APPLY vs. JOIN vs. Window Functions
| Method | Readability | Performance | Best For |
|---|---|---|---|
| APPLY | Excellent (clear intent) | Good (indexed subqueries) | Top N per group, complex logic |
| JOIN | Good | Excellent | Simple 1:1 or 1:many relationships |
| Window Functions | Moderate (ROW_NUMBER complex) | Very Good | Ranking, aggregation per group |
Common Mistakes
Mistake 1: Using CROSS APPLY When OUTER APPLY Needed
-- ✗ BAD: Excludes products with no orders
SELECT p.ProductID, p.Name, latestOrder.OrderDate
FROM dbo.Products p
CROSS APPLY (
SELECT TOP 1 OrderDate
FROM dbo.Orders o
WHERE o.ProductID = p.ProductID
ORDER BY OrderDate DESC
) AS latestOrder;
-- Products with no orders are missing!
-- ✓ GOOD: Includes all products (NULL if no orders)
SELECT p.ProductID, p.Name, latestOrder.OrderDate
FROM dbo.Products p
OUTER APPLY (
SELECT TOP 1 OrderDate
FROM dbo.Orders o
WHERE o.ProductID = p.ProductID
ORDER BY OrderDate DESC
) AS latestOrder;
Mistake 2: Missing WHERE Clause (Row-by-Row Full Scans)

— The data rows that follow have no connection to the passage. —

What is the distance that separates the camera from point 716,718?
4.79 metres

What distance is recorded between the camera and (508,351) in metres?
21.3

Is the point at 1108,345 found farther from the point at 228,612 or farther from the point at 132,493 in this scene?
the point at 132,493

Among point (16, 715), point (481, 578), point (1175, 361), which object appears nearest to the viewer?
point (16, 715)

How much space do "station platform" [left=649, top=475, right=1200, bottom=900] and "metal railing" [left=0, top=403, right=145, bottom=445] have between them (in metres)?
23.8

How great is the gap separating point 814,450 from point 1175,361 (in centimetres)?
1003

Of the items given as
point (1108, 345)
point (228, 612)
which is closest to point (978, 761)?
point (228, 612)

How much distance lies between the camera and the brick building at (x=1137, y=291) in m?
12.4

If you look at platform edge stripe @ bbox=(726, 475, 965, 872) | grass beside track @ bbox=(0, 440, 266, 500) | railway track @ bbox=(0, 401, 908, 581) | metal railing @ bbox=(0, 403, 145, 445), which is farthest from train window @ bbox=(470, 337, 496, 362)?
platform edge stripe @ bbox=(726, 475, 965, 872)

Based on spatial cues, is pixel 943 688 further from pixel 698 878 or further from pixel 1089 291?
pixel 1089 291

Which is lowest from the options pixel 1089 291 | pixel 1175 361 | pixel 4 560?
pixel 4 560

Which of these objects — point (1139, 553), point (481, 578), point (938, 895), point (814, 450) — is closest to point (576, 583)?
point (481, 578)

-- ✗ SLOW (full scan per customer):
SELECT c.CustomerID, summary.TotalSpent
FROM dbo.Customers c
CROSS APPLY (
SELECT SUM(Amount) AS TotalSpent
FROM dbo.Orders -- NO WHERE!
) AS summary;
-- ✓ FAST (indexed filter):
SELECT c.CustomerID, summary.TotalSpent
FROM dbo.Customers c
CROSS APPLY (
SELECT SUM(Amount) AS TotalSpent
FROM dbo.Orders o
WHERE o.CustomerID = c.CustomerID -- WHERE clause!
) AS summary;
Mistake 3: Forgetting TOP When You Want Limit
-- ✗ Returns ALL orders per customer (not just top 1):
SELECT c.CustomerID, o.*
FROM dbo.Customers c
CROSS APPLY (
SELECT OrderID, OrderDate
FROM dbo.Orders o
WHERE o.CustomerID = c.CustomerID
-- No TOP or LIMIT
) AS o;
-- ✓ Returns only TOP 1 per customer:
SELECT c.CustomerID, o.*
FROM dbo.Customers c
CROSS APPLY (
SELECT TOP 1 OrderID, OrderDate
FROM dbo.Orders o
WHERE o.CustomerID = c.CustomerID
ORDER BY OrderDate DESC -- TOP needs ORDER BY
) AS o;
Best Practices
- ☐ Use OUTER APPLY by default (includes non-matching rows).
- ☐ Use CROSS APPLY only when you explicitly want to exclude non-matching rows.
- ☐ Always add WHERE clause in APPLY subquery to correlate to outer table (avoids full scans).
- ☐ Use TOP N when you want limited results per row (top orders, top products, etc.).
- ☐ Add ORDER BY when using TOP (defines sort order).
- ☐ Test APPLY queries with EXPLAIN PLAN to verify indexes are used.
- ☐ For simple 1:1 joins, use JOIN (simpler, often faster).
- ☐ For complex logic (ranking, complex aggregations), APPLY is cleaner than window functions.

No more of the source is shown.